Comprehensive coverage

The clothing that cools the wearer

garment. Image: PIXABAY.COM
garment. Image: PIXABAY.COM

Researchers from Stanford University have succeeded in developing a cheap plastic material that could form the basis for the development of clothing that cools the wearer, while reducing the volume of use of air conditioners.
[Translation by Dr. Nachmani Moshe]

Baterem published the research in the prestigious scientific journal Science, the researchers suggest that this new family of fabrics could in the near future become the basis for clothing that would keep people cool and chilled in hot climates without the need for air conditioners. "If you cool the person instead of cooling the building where he works or is, you can save a lot of energy," said Yi Cui, a professor in the Department of Materials Science and Engineering at Stanford University. The new material works in a way that allows the body to emit heat in two ways and make the wearer cool down by several degrees.

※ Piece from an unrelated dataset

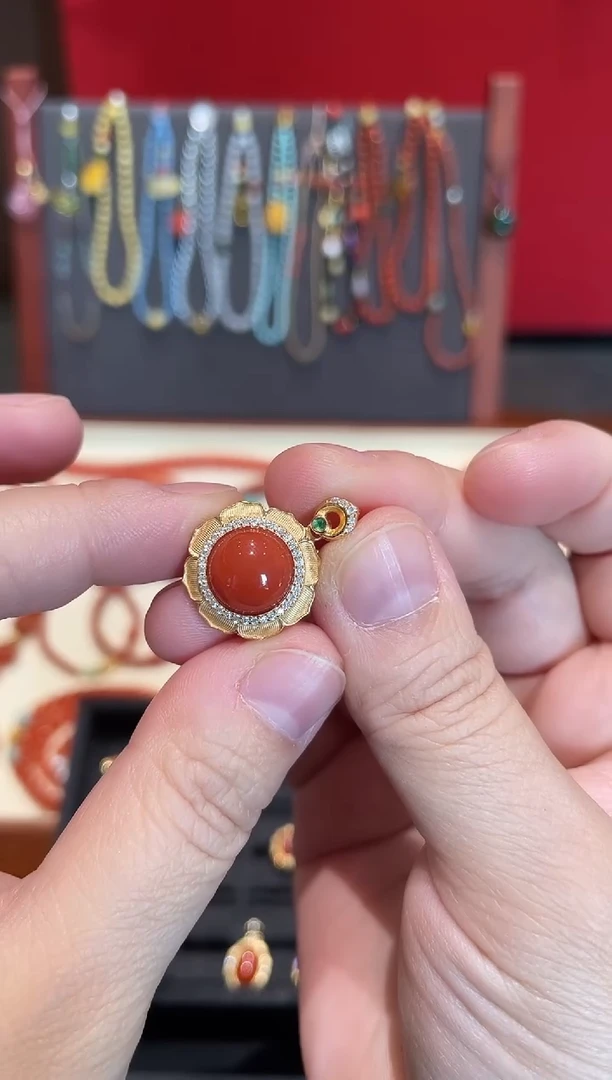 颈饰银S925镀金镶嵌南红玛瑙太阳花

The material cools the body by allowing sweat to evaporate through it, a mechanism that ordinary Swedes already carry out today. However, the new material provides a second, groundbreaking cooling mechanism: it allows the heat that the body emits in the form of infrared radiation to pass through the innovative fabric. All objects, including our bodies, emit heat in the form of infrared radiation consisting of wavelengths of invisible light. For example, coats keep us warm by trapping the heat of the infrared radiation emitted by our bodies. It is this thermal radiation emitted from the body that makes us detectable in the dark by others when they use night vision goggles. "When we sit in our office, between forty and sixty percent of the heat emitted by our bodies consists of infrared radiation," says electrical engineering professor Shanhui Fan. "However, to date, almost no research has been conducted regarding the characterization of the thermal radiation properties of fabrics."

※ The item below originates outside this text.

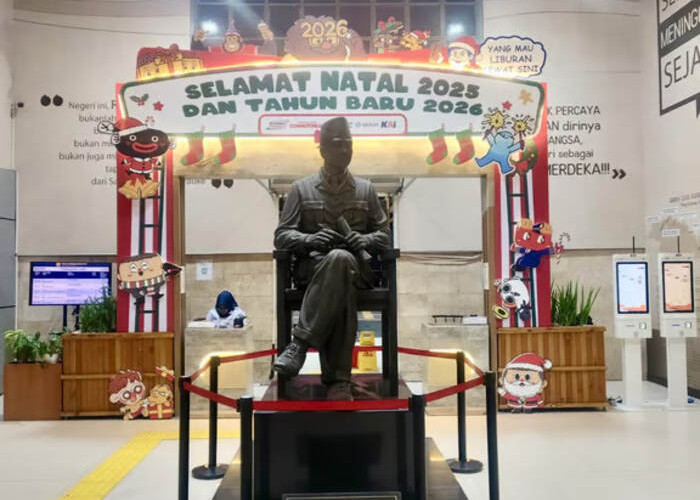KAI Daop 7 Madiun Hadirkan Ornamen Tematik Natal dan Tahun Baru di Stasiun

The research itself combined the fields of computer simulations, nanotechnology, photonics and chemistry in order to produce polyethylene - the same transparent and sticky plastic that we use in the kitchen to wrap sandwiches, for example, which has properties required for use as a clothing material: it allows thermal radiation, air and water vapor to pass through it and in addition - it is opaque to light seen. The most important feature was the possibility of infrared radiation to pass through the material. In the first step, the researchers used computer models to better understand the properties of porous polyethylene. The results of the models provided a wide range of possible optical wavelengths, from visible light to infrared. "By tuning a collection of parameters we were able to identify the pore size range that was best for fabric purposes, a range that was completely opaque to visible light and at the same time extremely transparent in the thermal wavelength range," said the lead researcher.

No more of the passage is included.